Yunus Adi Prabowo menambahkan bahwa banyak apoteker kini tidak hanya berperan sebagai tenaga profesional tetapi juga sebagai pengusaha yang mendirikan pabrik dan perusahaan kosmetik.
Salah satunya adalah Heni Sagara seorang pengusaha kosmetik yang telah mencatat rekor MURI 4,614 formula, akibat ulasan influencer yang membuat setingan seolah-olah Apotek Heni Sagara membuat produk over claim dan berbahaya. Hal ini tentunya merugikan bagi pihak pengusaha dan pekerja yang berjumlah ribuan terancam diberhentikan karena banyak pembatalan pesanan masal akibat kisruh ini.

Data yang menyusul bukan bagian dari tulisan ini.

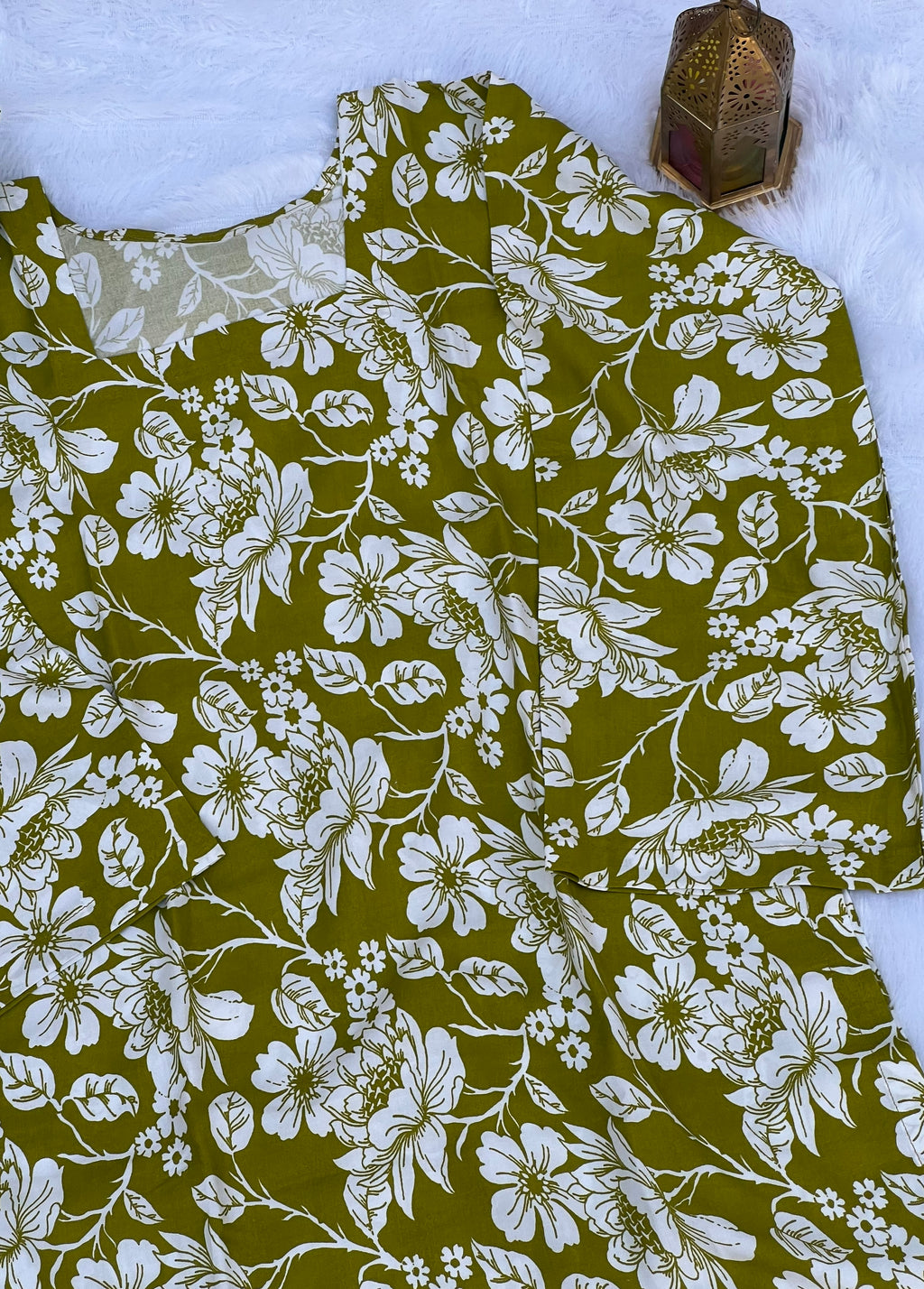Mustard Olive Floral Printed Short Kurti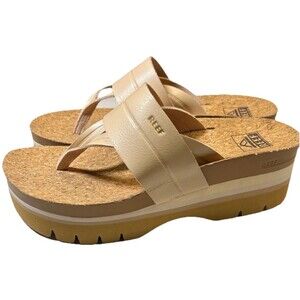 Reef Womens Vista Higher Savanah Thong Platform Sandal Seashell Size 7
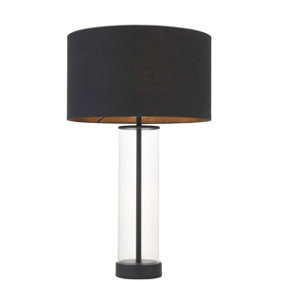 Luminosa Lessina Complete Table Lamp, Matt Black, Glass, Black Cotton Fabric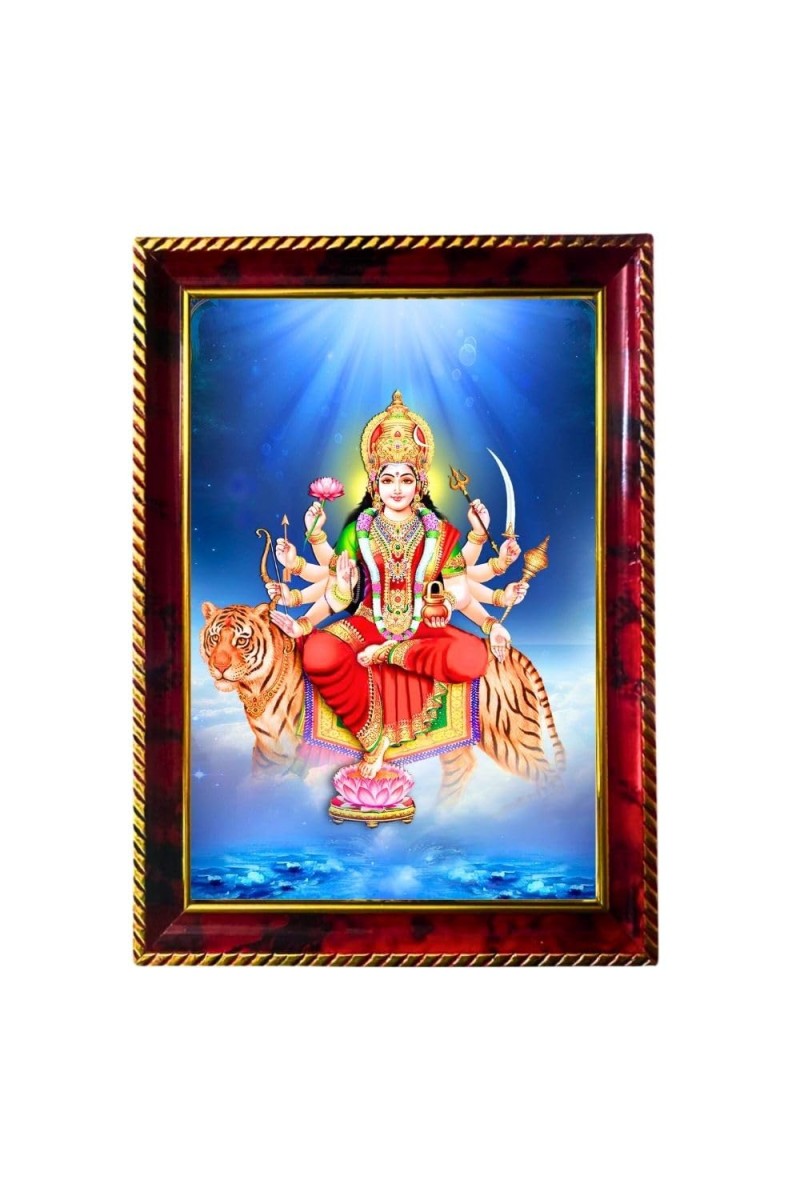 Maa Durga Photo Frame For Wall & Table | 7x9 Inch Golden Cherry Finish | Decorative Maa Durga Photo Frame For Home, Office & Pooja Room (F11864)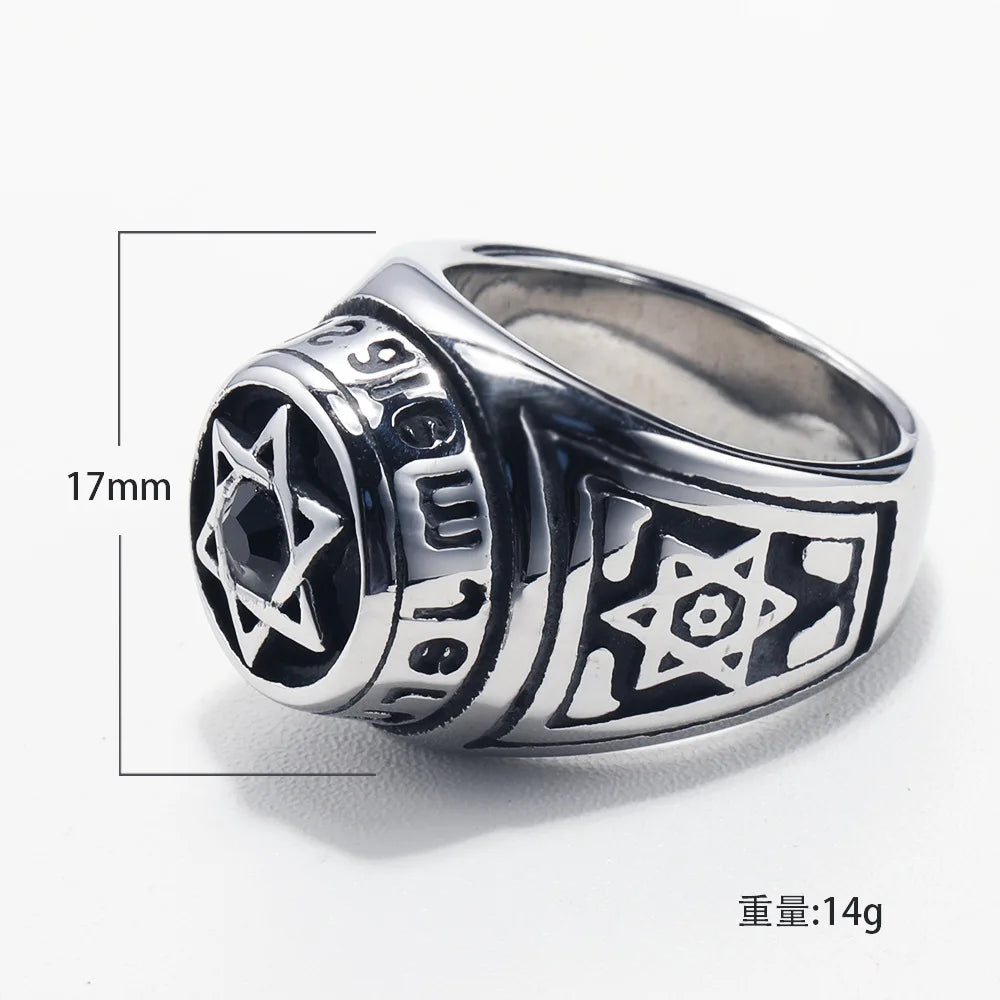 New Trendy Ouroboros Hexagram Rings Black Fashion Men's Rings with rhinestone Religious Accessories Hip Hop Punk Jewelry Party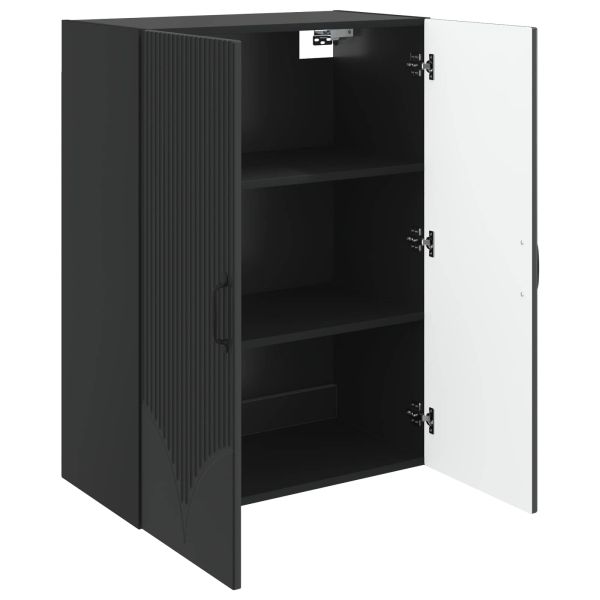 Стенно шкафче Черно 66 x 34,5 x 90 см Инженерна дървесина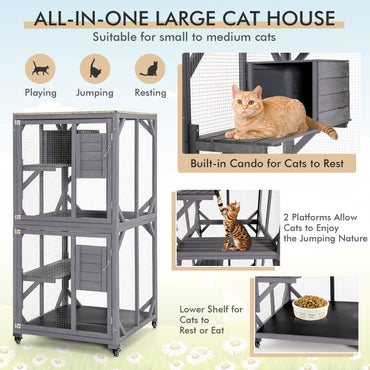Wooden Weatherproof Roof Large Cats Enclosure with 4 Floors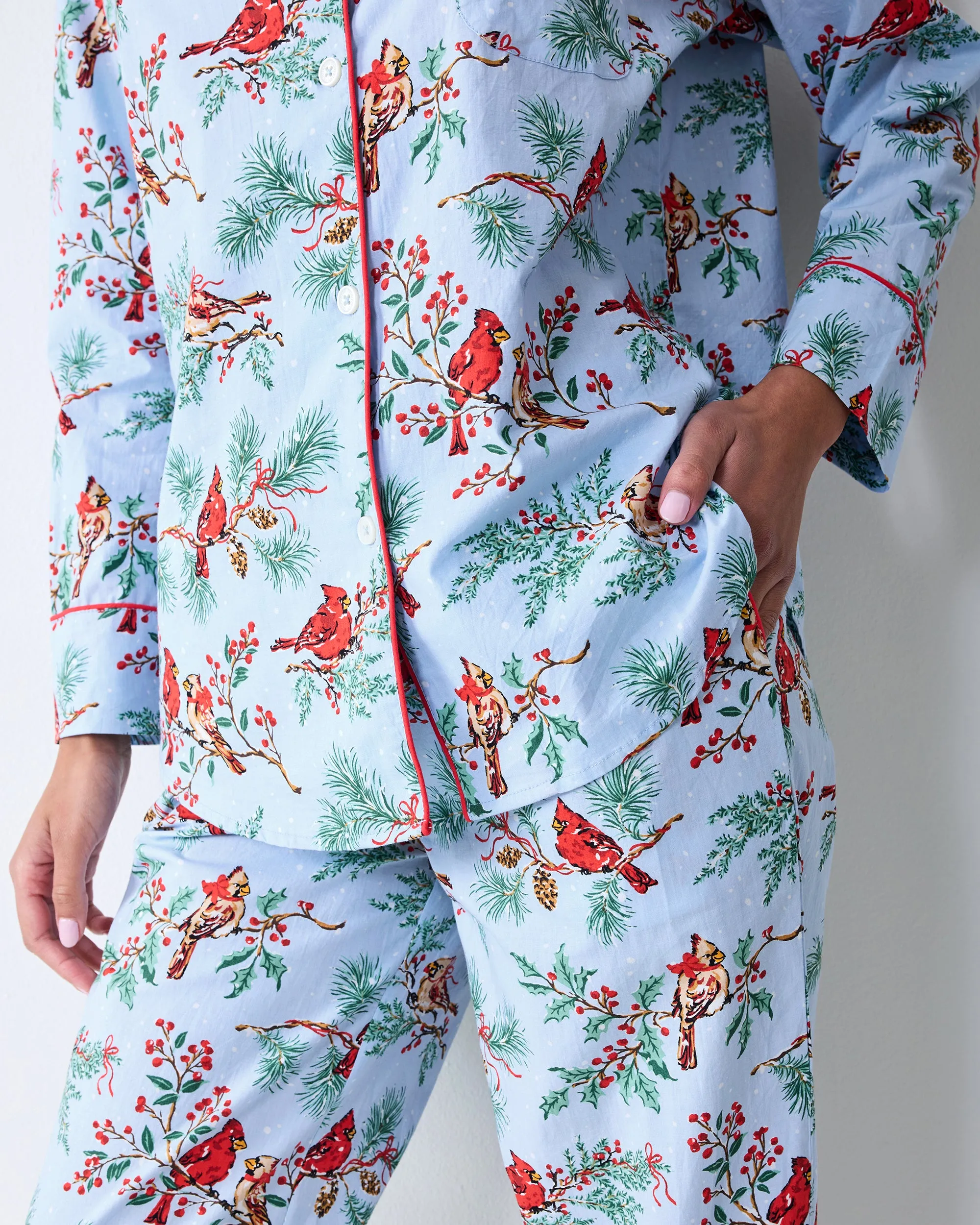 Winter Cardinals - Long PJ Set - Frosted Blue sold by Printfresh product image thumbnail 4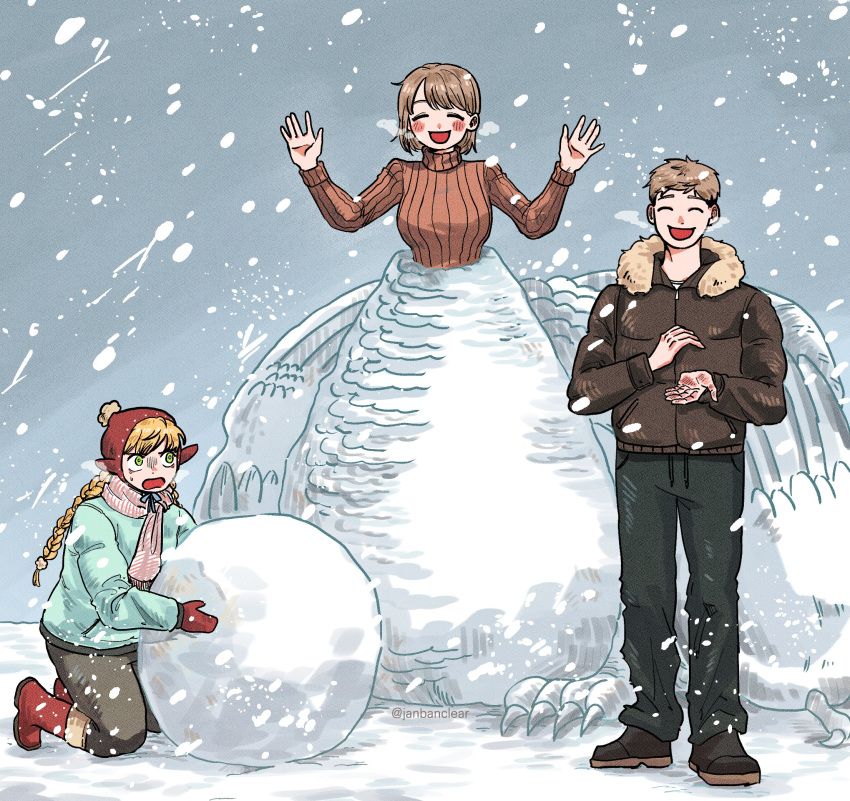 1boy, 2girls, aqua_jacket, black_pants, blonde_hair, blush, boots, braid, breasts, brother_and_sister, brown_footwear, brown_hair, brown_jacket, brown_pants, brown_sweater, closed_eyes, coat, contemporary, dungeon_meshi, elf, falin_touden, falin_touden_(chimera), falin_touden_(tallman), full_body, fur-trimmed_jacket, fur_trim, green_eyes, hair_between_eyes, hat, highres, jacket, janbanclear, knee_boots, kneeling, laios_touden, large_breasts, long_hair, long_sleeves, marcille_donato, mittens, multiple_girls, open_mouth, outdoors, pants, pink_scarf, pointy_ears, red_footwear, red_hat, red_mittens, scarf, shoes, short_hair, siblings, smile, snowball, snowing, snowman, standing, sweater, very_short_hair, visible_air, winter_clothes, winter_coat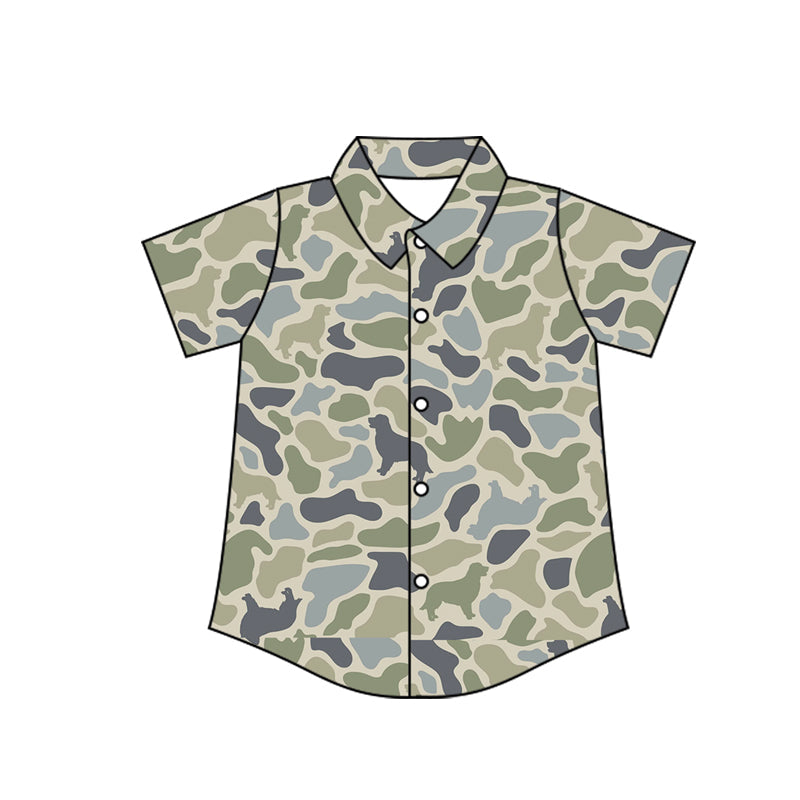 Short sleeves dog camo kids boys button down shirt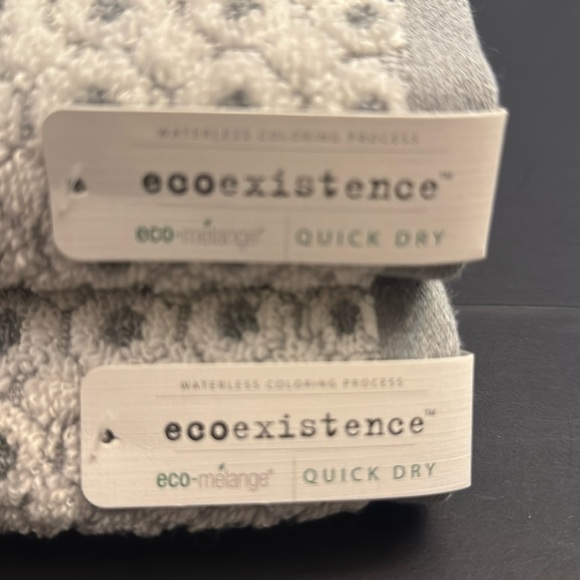 2pc ECOEXISTENCE Eco-Melange Quick Dry Bath Towel Set - Zero Twist Loops - Gray - Picture 3 of 6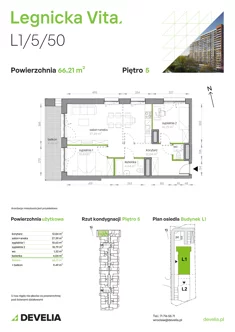 Mieszkanie, 66,21 m², 3 pokoje, piętro 5, oferta nr L1/5/50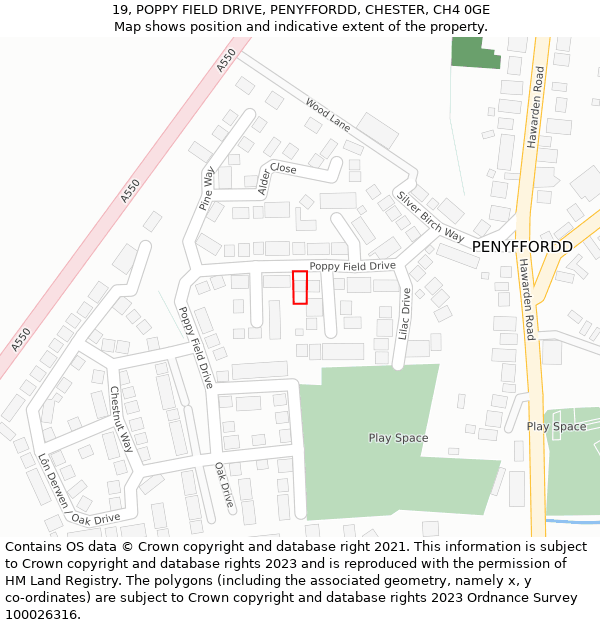 19, POPPY FIELD DRIVE, PENYFFORDD, CHESTER, CH4 0GE: Location map and indicative extent of plot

Bahkan Santer terdengar jika Heni Sagara juga menjadi target pemerasan oleh salah satu inflencer nakal sebesar Rp500 miliar.
IAI juga menyoroti kekosongan hukum terkait pengujian produk kosmetik oleh laboratorium.
"Perlu ada pengaturan jelas mengenai siapa yang berwenang melakukan uji lab, serta tanggung jawab laboratorium dalam menjaga kerahasiaan produk yang diuji. Metode dan alat pengujian juga harus distandarisasi untuk menghindari perbedaan hasil," tutur Yunus.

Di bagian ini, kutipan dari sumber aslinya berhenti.